BILL Q1 Earnings

Good quarter, but forward looking projections suggest slight slowdown in revenue acceleration. Shares were off as a result (price dip back to 1 month prior price). It is my #2 holding in my portfolio. Shares are up 187% since the IPO December 12, 2019.

Core revenue: $43.8 million +53% YOY
Float revenue: $ 2.4 million
Total revenue: $46.2 million +31% YOY

My recollection is that this may be the first time they broke out core revenue:
SaaS Revenue: $24.6 million +36% YOY
Transactional: $19.2 million +83% YOY

Gross Margin: 77%
Employees: +21%

Current Customers: 103,600 +27% growth (no customer makes up more than 3%); 5,500 net new
Clients (customers and suppliers on network): 2.5 million (they hope to leverage this network and do payments for the suppliers as well)

Transaction Payment Volume: $28.8 billion +31% YOY

Guidance:
Core Revenues: $45.4 - $46.2 million - QtQ +3.5 - 5.5%
Float Revenue: $ 1.2 - $ 1.3 million
Total Revenue: $46.5 - $47.5 million

They mentioned that YOY revenue comparisons will not be the best because of a SaaS price increase implemented in 2020. So, expect SaaS growth rate to be impacted. I used sequential above.

Quick Books Partnership: They continue to focus on the transition to the new Quick Books advanced platform. These clients are bigger and have more transaction volume - higher revenue and margin. As that ramps up, basic quick books revenue will be slowing as they transition to the bigger clients. They alluded to the fact that basic quick books in not the business they want - lower revenues and margins. Continuing to work with Intuit on the proper and best offerings, but everything is moving forward very well.

Direct Customers; Unlike basic quick books customers (who must get fee discounts), they continue to seek their own small direct customers.

Accounting Partners: Not much to add here. Last month was a seasonal dip which should pick up. They have lots of penetration with this group.

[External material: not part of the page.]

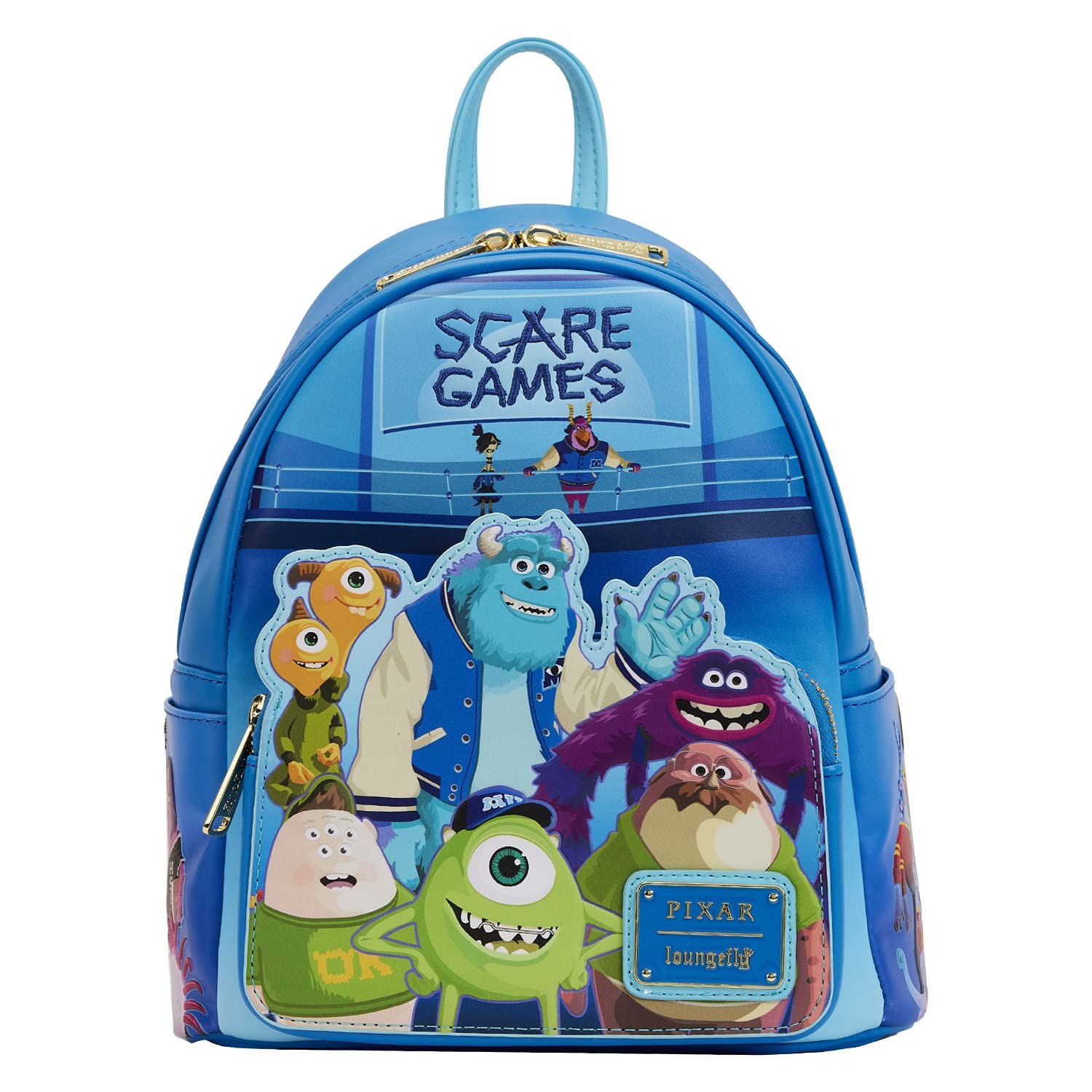 Loungefly Monsters University Scare Games Scene Mini Backpack - Disney Pixar Official Licensed Collectible for College Students & Fans - Perfect for School, Travel, and Comic Con Events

Financial Institutions: They clearly see this as a high revenue growth area. They currently have 5 of the top 10 small business banks as partners. Yet, they are in the pilot phase with Wells (commercial and SMB business), and Key Banc just went live last week. Revenues need to ramp up this next quarter and will move higher after that.

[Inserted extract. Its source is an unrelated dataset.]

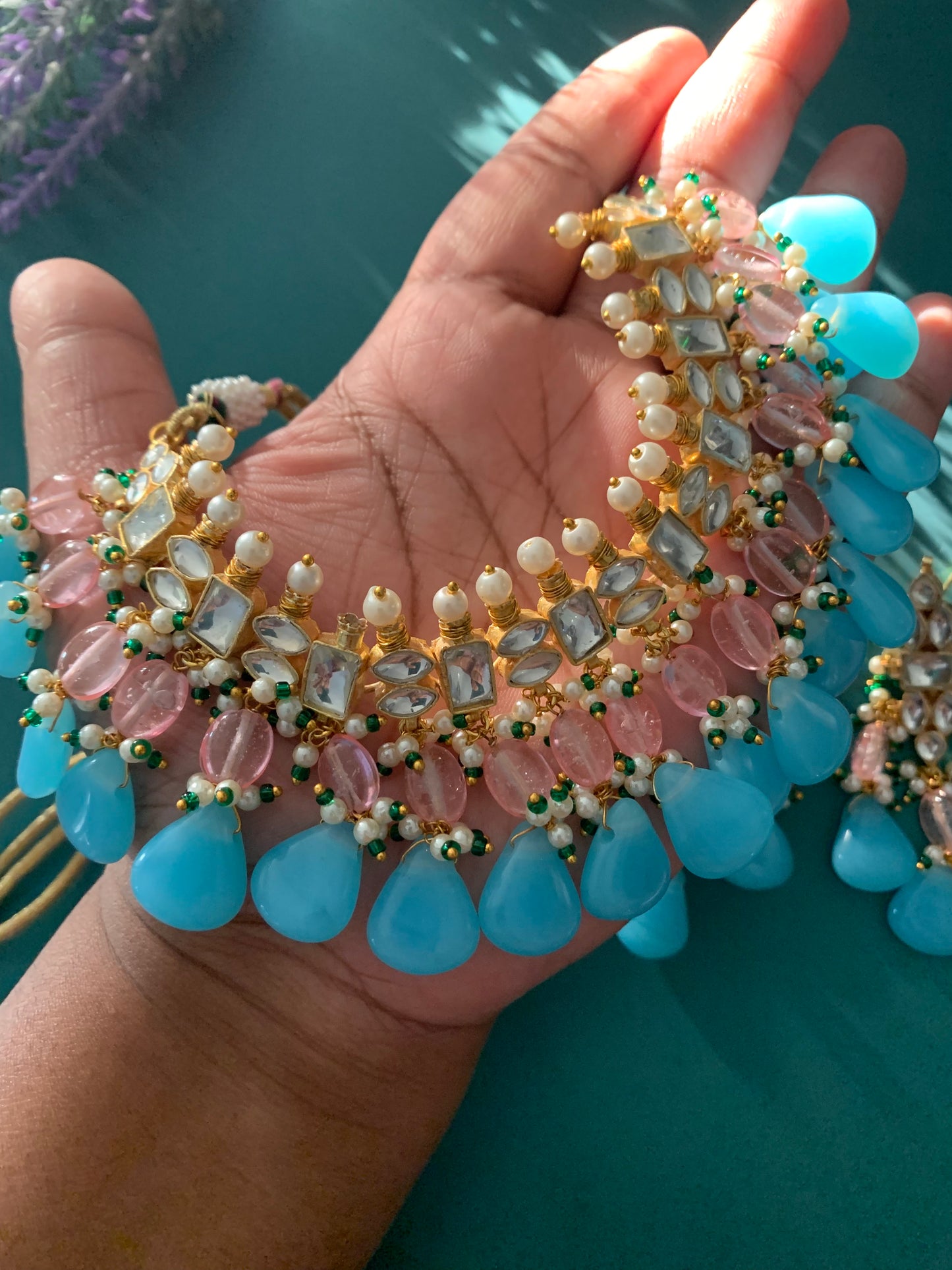 Sayma pachi kundan choker necklace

Growth is moving into more aspects of the big financial institutions. For example, from only commercial to SMB. They are talking to other large financial institutions including regional and online, but nothing to comment on at the moment.

They built the platform as an Accounts Payable solution. They’ve also added AR solution. That is their main focus now. Down the road growth could be other areas such as expense and spend management, HR and payroll, and working capital efficiency, etc. They are thinking of all of these, but at the moment they are clearly focused being the best at AP and AR.

Transaction Revenues: They make a lot of revenue here. They noted that growth of customers will be less important as the current and bigger customers get monetized going forward. Again, the growth rate here was 83%. My take is that transaction revenue will eclipse SaaS revenue. They need the SaaS customers locked in to get their transaction revenues, but keep in mind they also get transaction revenues from the clients’ suppliers on their network.

For transactions, they get revenues based on the $ volume. They also get higher revenue if clients choose virtual card which continues to grow. They like the growth in currency transaction volume when they pay foreign suppliers in their currency - they’d like up to 50% of foreign suppliers to ask for local currency. Bill is around 10% I believe and growing. They also have instituted and building an “instant payment” option. For example, client pays Wednesday. They tell the supplier It will hit their account Tuesday. Supplier wants it now. They can do that and take an ad valorem fee on it. Building it out more now. Apparently, Square has this option.

**Leadership and Business Plan:**Despite what appears to be a slight upcoming reduction in revenue growth for the reasons stated, this company appears to be very well run and executing on all cylinders. CEO has started and sold (to Intuit) a similar company before. He went public with a clear plan to build and grow a very dynamic platform for SMBs.